Zmiana czasu wynika bowiem z ustawy z 10 grudnia 2003 o czasie urzędowym na obszarze Rzeczypospolitej Polskiej (DzU z 2004 r. nr 16, poz. 144 ze zm.) oraz aktu wykonawczego do niej, tj. rozporządzenia prezesa Rady Ministrów z 23 grudnia 2008 w sprawie wprowadzenia i odwołania czasu letniego środkowoeuropejskiego w latach 2009 – 2011 (DzU nr 236, poz. 1627). Siłą rzeczy dochodzi więc do przekroczenia ustawowych norm czasu pracy i trzeba to odpowiednio odnotować w ewidencji.
Pracownikowi przysługuje wynagrodzenie za pracę wykonaną (art. 80 k.p.). Nie ma więc wątpliwości, że dodatkowa godzina pracy musi być odpłatna. Pracodawca może jednak uniknąć nadgodziny, skracając zmianę nocną, na którą przypadnie cofnięcie zegarów. Wówczas nie dojdzie do ponadnormatywnej pracy i godzina „nadto” nie sprawi problemu z rozliczeniem czasu pracy.
Wolne lub dodatek
Dodatkową godzinę rekompensujemy pracownikowi na ogólnych zasadach dotyczących nadgodzin, czyli
• udzielając czasu wolnego albo
• wypłacając 100-proc. dodatek, gdy nadgodzina przypadła w porze nocnej, ustalonej przez pracodawcę (art. 151
1
§ 1 pkt 1 lit. a k.p.).
Oczywiście oprócz tego zatrudnionemu przysługuje normalne wynagrodzenie.
Czasu wolnego w zamian za czas przepracowany w godzinach nadliczbowych można udzielić albo na pisemny wniosek pracownika – w tym samym wymiarze (godzina wolna za godzinę nadliczbową) – albo bez wniosku pracownika.

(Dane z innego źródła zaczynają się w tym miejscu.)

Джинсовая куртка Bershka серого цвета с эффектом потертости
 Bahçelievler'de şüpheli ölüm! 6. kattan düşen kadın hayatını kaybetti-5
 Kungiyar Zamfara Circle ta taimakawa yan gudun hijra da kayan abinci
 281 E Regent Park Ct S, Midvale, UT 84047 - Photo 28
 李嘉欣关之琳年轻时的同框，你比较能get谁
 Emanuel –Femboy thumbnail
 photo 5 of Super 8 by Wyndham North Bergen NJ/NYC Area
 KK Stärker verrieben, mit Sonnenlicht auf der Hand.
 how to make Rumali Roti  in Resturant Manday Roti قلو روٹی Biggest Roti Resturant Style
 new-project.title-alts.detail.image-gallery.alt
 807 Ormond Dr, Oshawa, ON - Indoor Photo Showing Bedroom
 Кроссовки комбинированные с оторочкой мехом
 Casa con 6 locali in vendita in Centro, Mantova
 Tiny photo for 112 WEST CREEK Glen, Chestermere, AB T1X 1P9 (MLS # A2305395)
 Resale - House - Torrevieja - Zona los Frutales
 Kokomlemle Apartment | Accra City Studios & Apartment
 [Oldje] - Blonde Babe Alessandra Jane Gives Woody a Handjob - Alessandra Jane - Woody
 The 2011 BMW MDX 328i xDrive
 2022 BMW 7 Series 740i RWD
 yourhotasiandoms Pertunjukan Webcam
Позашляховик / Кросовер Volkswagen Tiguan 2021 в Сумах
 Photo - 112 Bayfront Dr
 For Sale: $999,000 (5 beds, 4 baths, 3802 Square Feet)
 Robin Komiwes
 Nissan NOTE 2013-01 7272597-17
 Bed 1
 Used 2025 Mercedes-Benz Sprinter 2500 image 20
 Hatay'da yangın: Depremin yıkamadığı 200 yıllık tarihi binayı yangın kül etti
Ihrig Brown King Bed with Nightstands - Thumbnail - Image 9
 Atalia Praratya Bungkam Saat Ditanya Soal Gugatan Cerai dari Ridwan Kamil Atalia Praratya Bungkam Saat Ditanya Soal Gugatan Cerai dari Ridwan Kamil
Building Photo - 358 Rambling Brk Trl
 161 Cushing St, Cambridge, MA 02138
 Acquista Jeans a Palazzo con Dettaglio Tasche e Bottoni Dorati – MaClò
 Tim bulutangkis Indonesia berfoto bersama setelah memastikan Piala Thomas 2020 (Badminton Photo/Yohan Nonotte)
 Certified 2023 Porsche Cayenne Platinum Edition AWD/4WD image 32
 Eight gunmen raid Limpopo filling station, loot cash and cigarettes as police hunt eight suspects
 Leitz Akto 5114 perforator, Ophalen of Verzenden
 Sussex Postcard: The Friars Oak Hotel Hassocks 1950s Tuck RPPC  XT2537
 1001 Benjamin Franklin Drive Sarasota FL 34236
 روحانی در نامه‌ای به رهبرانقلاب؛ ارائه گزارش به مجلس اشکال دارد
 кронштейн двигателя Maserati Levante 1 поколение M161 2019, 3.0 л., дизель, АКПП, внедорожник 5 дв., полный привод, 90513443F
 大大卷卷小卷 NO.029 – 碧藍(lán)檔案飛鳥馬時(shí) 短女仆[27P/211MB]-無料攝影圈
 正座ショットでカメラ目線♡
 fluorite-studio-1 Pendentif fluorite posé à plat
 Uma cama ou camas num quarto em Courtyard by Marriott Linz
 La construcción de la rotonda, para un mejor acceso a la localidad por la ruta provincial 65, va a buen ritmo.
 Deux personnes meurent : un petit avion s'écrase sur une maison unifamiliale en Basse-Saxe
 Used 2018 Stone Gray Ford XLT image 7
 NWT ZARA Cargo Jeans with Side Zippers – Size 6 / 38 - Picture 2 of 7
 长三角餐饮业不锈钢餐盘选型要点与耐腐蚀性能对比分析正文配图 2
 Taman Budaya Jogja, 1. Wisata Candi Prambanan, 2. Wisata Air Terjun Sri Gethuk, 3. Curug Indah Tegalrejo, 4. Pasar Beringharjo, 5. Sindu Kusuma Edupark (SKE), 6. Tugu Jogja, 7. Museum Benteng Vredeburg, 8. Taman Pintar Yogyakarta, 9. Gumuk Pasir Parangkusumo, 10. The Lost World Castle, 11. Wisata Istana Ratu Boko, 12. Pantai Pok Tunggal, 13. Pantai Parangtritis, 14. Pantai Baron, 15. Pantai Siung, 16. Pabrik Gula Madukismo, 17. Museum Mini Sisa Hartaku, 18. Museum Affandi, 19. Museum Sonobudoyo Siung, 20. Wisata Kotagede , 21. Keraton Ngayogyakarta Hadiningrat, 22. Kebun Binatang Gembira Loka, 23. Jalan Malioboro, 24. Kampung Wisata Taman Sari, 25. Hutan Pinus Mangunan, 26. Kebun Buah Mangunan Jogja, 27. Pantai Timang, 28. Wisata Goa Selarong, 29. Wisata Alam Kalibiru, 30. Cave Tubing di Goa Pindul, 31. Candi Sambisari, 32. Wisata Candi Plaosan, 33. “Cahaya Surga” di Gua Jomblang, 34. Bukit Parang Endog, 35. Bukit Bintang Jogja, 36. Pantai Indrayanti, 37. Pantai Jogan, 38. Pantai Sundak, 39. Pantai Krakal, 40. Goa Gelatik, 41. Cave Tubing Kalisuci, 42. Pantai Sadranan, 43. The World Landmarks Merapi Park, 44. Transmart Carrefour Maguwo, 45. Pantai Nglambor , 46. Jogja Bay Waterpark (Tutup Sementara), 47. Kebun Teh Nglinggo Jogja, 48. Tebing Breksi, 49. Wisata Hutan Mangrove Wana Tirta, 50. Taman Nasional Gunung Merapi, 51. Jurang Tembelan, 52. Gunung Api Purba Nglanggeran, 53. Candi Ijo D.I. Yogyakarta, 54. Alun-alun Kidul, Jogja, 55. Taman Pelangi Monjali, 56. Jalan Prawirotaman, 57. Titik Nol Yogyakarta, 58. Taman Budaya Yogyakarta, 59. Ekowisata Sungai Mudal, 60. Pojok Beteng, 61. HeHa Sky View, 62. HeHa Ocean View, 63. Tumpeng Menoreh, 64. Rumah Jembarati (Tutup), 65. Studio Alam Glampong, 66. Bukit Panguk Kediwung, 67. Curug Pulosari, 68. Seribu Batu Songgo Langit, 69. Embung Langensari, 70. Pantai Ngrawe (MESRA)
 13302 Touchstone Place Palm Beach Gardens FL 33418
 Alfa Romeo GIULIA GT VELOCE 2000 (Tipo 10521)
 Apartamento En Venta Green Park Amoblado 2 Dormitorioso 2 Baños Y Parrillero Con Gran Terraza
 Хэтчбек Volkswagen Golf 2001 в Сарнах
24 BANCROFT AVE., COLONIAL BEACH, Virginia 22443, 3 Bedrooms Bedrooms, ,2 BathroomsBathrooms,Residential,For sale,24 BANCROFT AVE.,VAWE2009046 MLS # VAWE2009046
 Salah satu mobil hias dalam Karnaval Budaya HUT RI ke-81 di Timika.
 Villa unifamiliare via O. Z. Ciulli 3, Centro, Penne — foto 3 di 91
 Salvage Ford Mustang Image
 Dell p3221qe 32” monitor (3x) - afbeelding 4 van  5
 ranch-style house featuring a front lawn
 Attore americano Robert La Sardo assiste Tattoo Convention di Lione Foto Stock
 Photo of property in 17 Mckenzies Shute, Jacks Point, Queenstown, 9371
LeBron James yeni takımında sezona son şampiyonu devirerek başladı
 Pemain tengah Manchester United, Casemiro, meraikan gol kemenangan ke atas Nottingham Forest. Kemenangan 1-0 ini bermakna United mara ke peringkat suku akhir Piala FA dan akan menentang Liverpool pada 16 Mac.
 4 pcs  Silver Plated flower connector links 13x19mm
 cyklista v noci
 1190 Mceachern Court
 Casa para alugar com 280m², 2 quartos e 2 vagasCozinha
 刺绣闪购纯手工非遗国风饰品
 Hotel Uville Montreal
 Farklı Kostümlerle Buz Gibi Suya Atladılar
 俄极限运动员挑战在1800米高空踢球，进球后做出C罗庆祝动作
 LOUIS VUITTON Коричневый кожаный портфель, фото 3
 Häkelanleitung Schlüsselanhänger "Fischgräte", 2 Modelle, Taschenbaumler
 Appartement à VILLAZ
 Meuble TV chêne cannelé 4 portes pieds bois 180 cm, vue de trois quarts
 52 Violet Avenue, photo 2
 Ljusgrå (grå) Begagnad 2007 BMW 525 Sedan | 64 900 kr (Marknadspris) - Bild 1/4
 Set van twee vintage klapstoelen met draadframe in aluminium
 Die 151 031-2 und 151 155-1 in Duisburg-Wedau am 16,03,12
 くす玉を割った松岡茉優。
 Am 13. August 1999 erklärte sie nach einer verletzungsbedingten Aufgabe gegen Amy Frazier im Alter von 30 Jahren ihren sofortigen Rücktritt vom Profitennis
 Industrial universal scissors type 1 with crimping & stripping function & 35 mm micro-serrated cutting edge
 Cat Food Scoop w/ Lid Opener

W drugim wypadku trzeba to zrobić najpóźniej do końca okresu rozliczeniowego, w wymiarze o połowę wyższym niż liczba przepracowanych godzin nadliczbowych (półtorej godziny wolnego za jedną nadgodzinę). Nie może to jednak spowodować obniżenia wynagrodzenia należnego pracownikowi za pełny miesięczny wymiar czasu pracy (art. 151
2
§ 2 k.p.).
Jeśli pracownik nie uzyska wolnego – co jest bardzo prawdopodobne, bo 30 października to w większości firm przedostatni dzień roboczy w miesięcznym okresie rozliczeniowym – będzie mu przysługiwał dodatek pieniężny.
Podstawą ustalenia jego wysokości jest wynagrodzenie wynikające z osobistego zaszeregowania podwładnego określone stawką godzinową lub miesięczną, a jeżeli taki składnik pensji nie został wyodrębniony przy określaniu warunków wynagradzania, to 60 proc. wynagrodzenia.
Pieniądze za nocną zmianę
Nie zapominajmy również o dodatku za pracę w porze nocnej. Co prawda pora nocna obejmuje osiem godzin między 21 a 7, ale w tę szczególną noc, kiedy dochodzi do zmiany czasu, trzeba pracownikowi policzyć dodatek za dziewięć godzin. Inaczej byłby pokrzywdzony.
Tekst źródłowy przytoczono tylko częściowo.